US Secretary of State John Kerry, Secretary of Defence Chuck Hagel, Japan's Foreign Minister Fumio Kishida and Defence Minister Itsunori Onodera signed the protocol amending the 2009 Guam International Agreement, as part of a meeting on the two countries' alliance.
Changes include "clarifying that Japan will contribute up to $3.1 billion (S$3.9 billion) in Fiscal Year 2012 US dollars in direct cash contributions to develop facilities and infrastructure in Guam and the Commonwealth of the Northern Mariana Islands", the state department said.
It accounts for 36 percent of the projected US$8.6 billion cost of the relocation.
The protocol also affirmed the US government "shall favourably consider requests by the government of Japan to use training areas in Guam and the Commonwealth of the Northern Mariana Islands."
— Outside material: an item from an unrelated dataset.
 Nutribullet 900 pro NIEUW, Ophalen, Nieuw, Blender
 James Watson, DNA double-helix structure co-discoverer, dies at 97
In a 2012 agreement, the United States said it would pull 9,000 Marines out of Okinawa - 4,000 of whom would go to Guam and 5,000 to Hawaii and on rotations to Australia - as it seeks to ease a long-running standoff over the future of its huge military presence in one of its top Asian allies.
Okinawa continues to be a source of tensions in a security relationship that both sides see as indispensable.
Around half of the 47,000 US service personnel in Japan are based on the strategically located island chain, which is nearer to Taiwan than it is to Tokyo.
The United States had agreed in 2006 to shift its Futenma air base - a longtime source of grievance as it lies in a crowded urban area - to a quiet stretch of seashore, with Marines leaving Okinawa.
The Futenma relocation has been stuck due to local opposition, but the two governments have agreed to treat the Marine relocation separately.
The planned Marine move, which is due to begin in the early 2020s, is part of a wider rebalancing of US military assets in the region under President Barack Obama's trumpeted "pivot" to Asia.